Further, given a build up of length N, a Loads matrix needs to be
created as a 5.times.N into 1.times.5 matrix for low resolution and
as a 6.times.N into 1.times.6 matrix for high resolution. EQ 25 and
EQ 26 indicate that the build up can be recovered by using the same
model and the corresponding compression. EQ 13 and EQ 14, discussed
above with regard to decompression directly into T.sub.2 are
applicable, as well, to T.sub.1. That is, with each A value being
proportional to the proton population of pores which have a
longitudinal relaxation time of T.sub.1, EQ 13 can be used to
compress T.sub.1 build up data downhole and, by knowing only the
Scores matrix and using the identity matrix I, EQ 14 can be used to
decompress compressed echo train or T.sub.1 build up data into a
T.sub.2 or T.sub.1 distribution, respectively, without the need to
decompress into an echo train or a build up trace first and then
invert to get the corresponding distribution.

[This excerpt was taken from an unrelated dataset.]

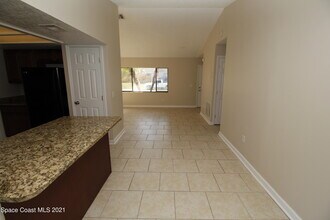 907 Commerce Rd SE in Palm Bay, FL - Foto de edificio - Building Photo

[0058] Based on EQ 14, the direct decompression into T.sub.1 or
T.sub.2 domain distribution decreases processing time to determine
the property based on the NMR data. The prior art inversion step
(to determine T.sub.2 or T.sub.1 distribution) requires exhaustive
memory capacity and CPU execution time. On the other hand,
compression requires only matrix multiplication, which current
digital signal processing (DSP) software, memory, and processor
systems execute as a multiply accumulate and round in a single
processor instruction of one cycle. Thus, compression (which may
take approximately 150 ms, for example) followed by direct
decompression into the T.sub.1 or T.sub.2 domain distribution
(without additional inversion) saves significant memory and
execution time. As noted above, the compression itself allows NMR
signals to be conveyed in real time, even with a slow transmission
rate technique, such as mud pulsing, for example. Further,
decompression into the T.sub.1 or T.sub.2 domain distribution data
(rather than the echo train or T1 build up) allows real-time
imaging and then determination of the lithology of the formation in
real time without reverting to inversion. In addition, the real
time reconstruction may be done while drilling or while logging.
The determination of lithology may include, for example,
integration of distribution data up to a predefined T.sub.2 or
T.sub.1 cutoff (e.g., 3.3 millisecond (ms)).

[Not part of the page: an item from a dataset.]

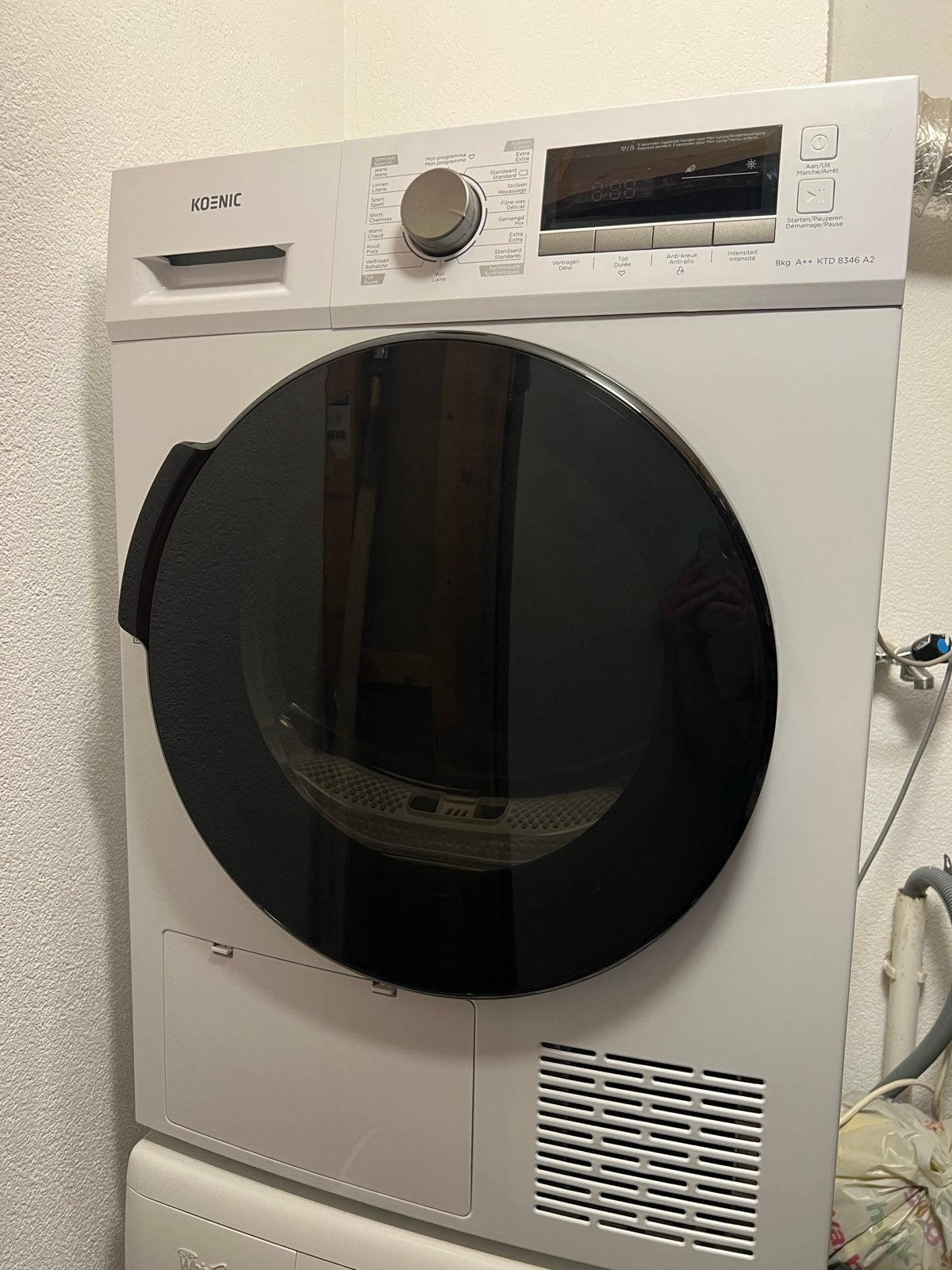 Koenic KTD 8346 A2 Warmtepompdroger - 2 jaar gebruikt, Ophalen, Minder dan 85 cm, 8 tot 10 kg, Zo goed als nieuw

[0059] FIG. 4 and FIG. 5 illustrate exemplary T.sub.2 and T.sub.1
domain distribution data, respectively, recovered by direct
decompression according to embodiments of the invention. FIG. 4
shows that the recovered T.sub.2 distribution based on direct
decompression is essentially a perfect match for the original
T.sub.2 distribution that may have been compressed downhole. As
FIG. 5 shows, the recovered T.sub.1 distribution based on direct
decompression is nearly a perfect match for the original T.sub.1
distribution associated with the compressed NMR signal
downhole.
[0060] In support of the teachings herein, various analysis
components may be used, including a digital and/or an analog
system. For example, the downhole electronics 9 or the computer
processing system 11 may include the digital and/or analog system.

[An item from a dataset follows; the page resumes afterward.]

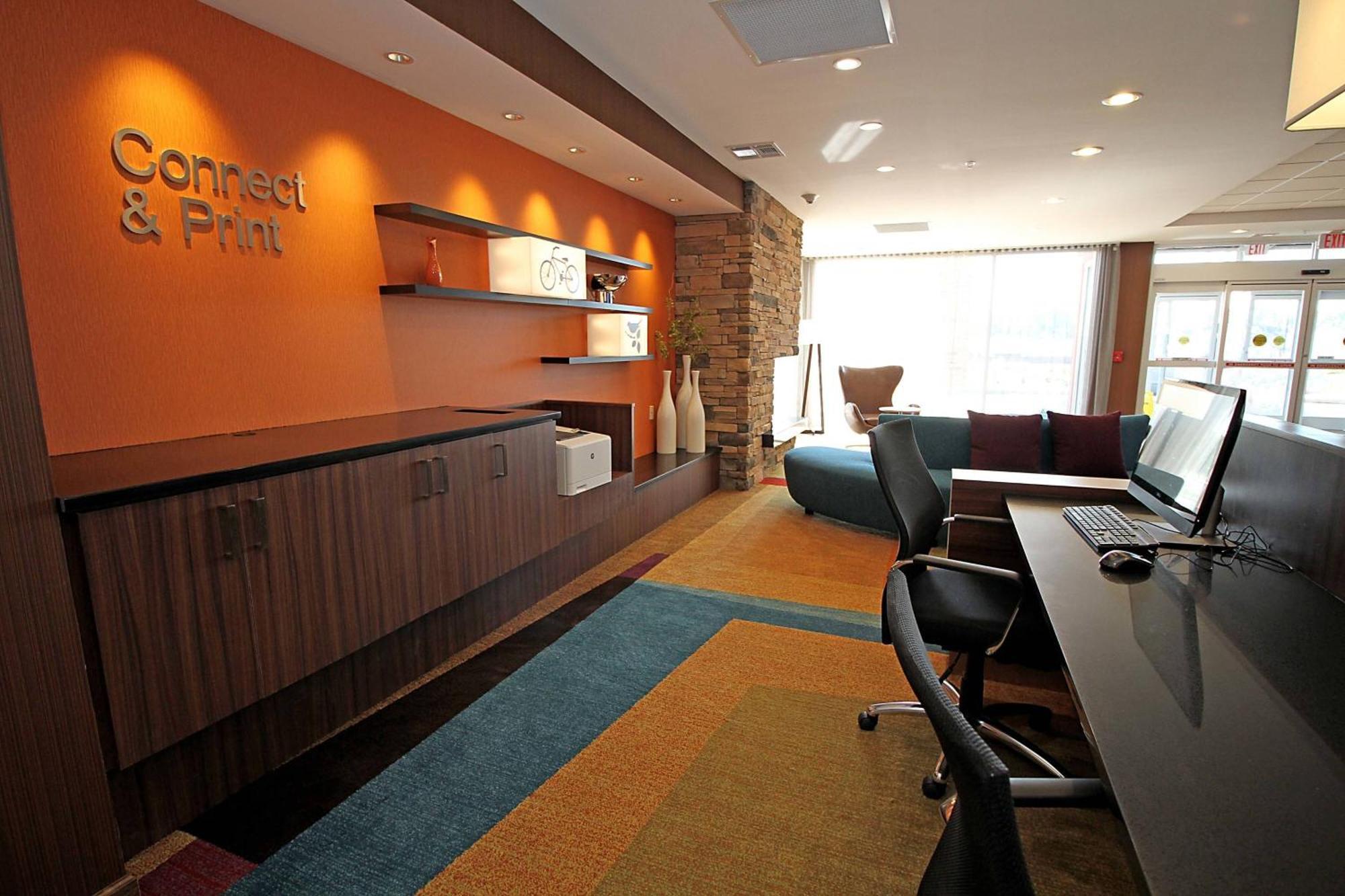 Hotel Fairfield & By Marriott 3*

Each system may have components such as a processor, storage media,
memory, input, output, communications link (wired, wireless, pulsed
mud, optical or other), user interfaces, software programs, signal
processors (digital or analog) and other such components (such as
resistors, capacitors, inductors and others) to provide for
operation and analyses of the apparatus and methods disclosed
herein in any of several manners well-appreciated in the art.
[0061] It is considered that these teachings may be, but need not
be, implemented in conjunction with a set of computer executable
instructions stored on a non-transitory computer readable medium,
including memory (ROMs, RAMs), optical (CD-ROMs), or magnetic
(disks, hard drives), or any other type that when executed causes a
computer to implement the method of the present invention. These
instructions may provide for equipment operation, control, data
collection and analysis and other functions deemed relevant by a
system designer, owner, user or other such personnel, in addition
to the functions described in this disclosure.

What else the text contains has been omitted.